The Graveyard Book is a children’s book about a boy who barely escapes death as a toddler and winds up under the protection of ghosts in a graveyard. The boy, Bod, short for Nobody Owens, spends his childhood (ages 0 – 15) in the graveyard and must confront fears, bullies, killers, and loneliness. He engages ghosts who died over a 2,000-year time-span, so he meets some interesting characters.

It’s a very entertaining book. I was completely engaged and it was hard for me to put it down. It was also neat to read a book that twists your thinking in the sense that it takes place in the land of the dead instead of the land of the living.
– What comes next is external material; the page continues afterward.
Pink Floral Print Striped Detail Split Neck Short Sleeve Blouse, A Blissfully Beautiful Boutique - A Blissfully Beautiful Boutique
The ghosts in the graveyard seek to keep Bod alive while outside forces in the land of the living want him dead. It was also a good reminder that there are things beyond what we can see.

Every time a dead person is introduced in the book, we get to see what is written on their tombstone. That was a cool feature of the book. My favorite one was:

“What she spent is lost, what she gave remains with her always. Reader be Charitable.”

I liked that this book came up in my reading order just around Halloween. Tim Ferriss says he returns to the audiobook version of this book (narrated by the author, Neil Gaiman) while taking hot baths and pairing that with cold showers. It seems to be a familiar story for Tim, one that allows him to tune out and think and just enjoy the story. Although being thoroughly entertained by The Graveyard Book, it would definitely not be in my top two favorite books or even my top 50 for that matter. This would be an enjoyable book to read to your children in their middle school or early high school years.

1 Comment. Leave new

  • Totally. I enjoyed the book, but besides trivial enjoyment I found no benefit. It didn’t blow me away. Quite disappointed with it, actually, given that Tim recommended it so highly and so frequently.